D.C. Democratic Party Sues to Keep Ranked Choice Voting and Open Primaries Off the Ballot

Martin Austermuhle, DCist, August 7, 2023

The D.C. Democratic Party has filed a lawsuit aiming to keep a ranked choice voting and open primaries from getting onto the city’s ballot for next year, saying that both changes to how D.C. runs its elections would run afoul of the city’s charter and the U.S. Constitution.

In a 33-page lawsuit filed in D.C. Superior Court, attorneys for the party’s leadership say the D.C. Board of Elections improperly gave the green light to a proposed ballot initiative that, if approved by voters, would call on the D.C. Council to adopt ranked choice voting and open primaries by 2026. The party is asking a D.C. judge to nullify the board’s ruling, which would effectively kill the ballot initiative.

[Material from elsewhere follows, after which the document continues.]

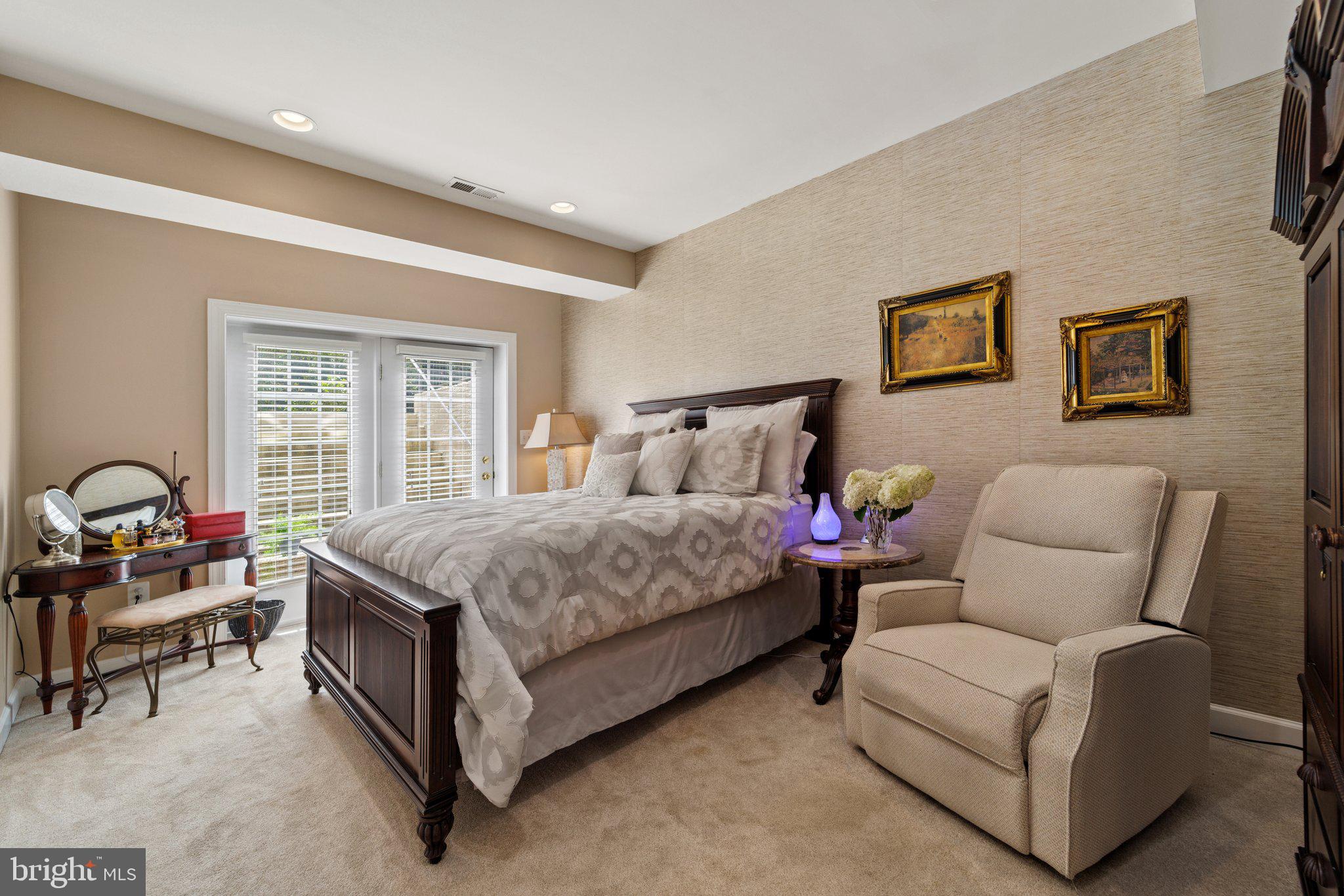 40243 FEATHERBED LANE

Under ranked choice voting, voters can rank multiple candidates in any given race in their order of preference; if no one candidate wins an outright majority, the worst-performing contender is dropped and votes are recalculated using voters’ second choices, and so on until one candidate wins a majority of support. And under open primaries, the city’s 85,000 independent voters would be allowed to participate in a partisan primary of their choice; currently, they’re only allowed to vote in general elections.

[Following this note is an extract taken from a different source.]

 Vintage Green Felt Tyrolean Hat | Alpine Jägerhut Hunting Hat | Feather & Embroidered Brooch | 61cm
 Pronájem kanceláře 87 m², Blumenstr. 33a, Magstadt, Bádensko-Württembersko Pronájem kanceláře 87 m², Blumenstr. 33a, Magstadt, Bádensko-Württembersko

Proponents argue ranked-choice voting moves away from the current system where winners in crowded fields can win with a fraction of the vote {snip}

As for open primaries, the initiative’s proponents say it would allow D.C. voters who are not registered with a political party to vote in primary elections, where many of the city’s political races are ultimately decided because of the overall dominance of Democrats in local elections. {snip}

But in the lawsuit, Democratic Party attorney Johnny Barnes argues that both proposed changes would violate local law and the constitution. He writes that open primaries would violate the Home Rule Charter’s requirement that the mayor, D.C. Council, and attorney general be elected on a partisan basis, and would violate Democrats’ constitutional rights to freely associate by allowing non-Democrats to influence the outcomes of primary elections.

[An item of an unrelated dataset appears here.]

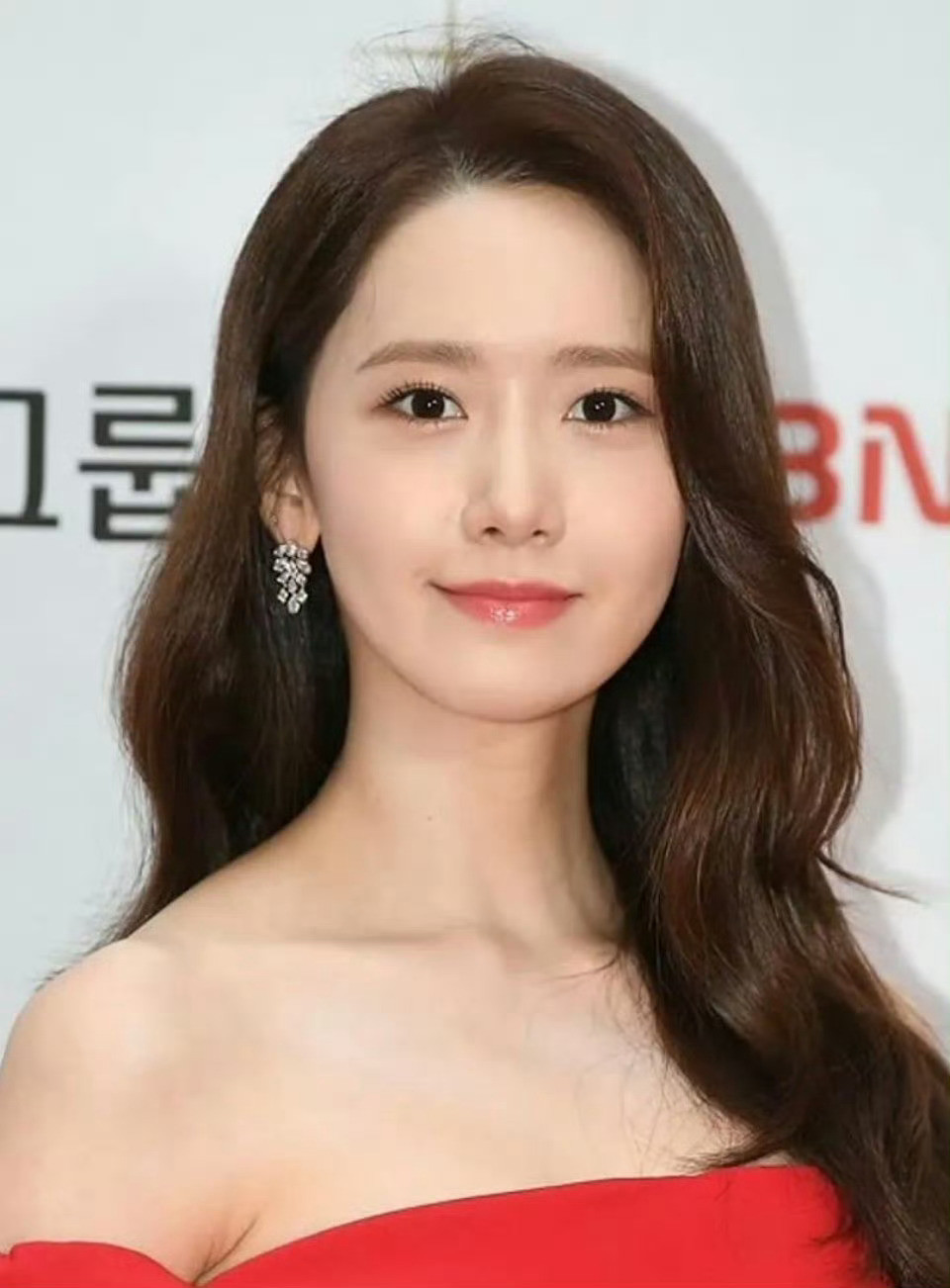 林允儿抹胸红裙太美了，红毯上像盛放的红玫瑰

Barnes also says the ballot initiative would unlawfully require the city to spend money implementing ranked choice voting (ballot initiatives can’t force the city to spend any money), and would additionally violate the city’s Human Rights Act because it would discriminate against Black and low-income voters who could be confused by ranked choice voting.

And in a non-legal argument, Barnes says in the lawsuit that had ranked choice voting been allowed when the city gained home rule in 1975, Marion Barry may never have become mayor. “Imagine the local history in the District of Columbia, for the past 45 years, had the outcome of elections been determined by open primaries and ranked choice voting!” he writes.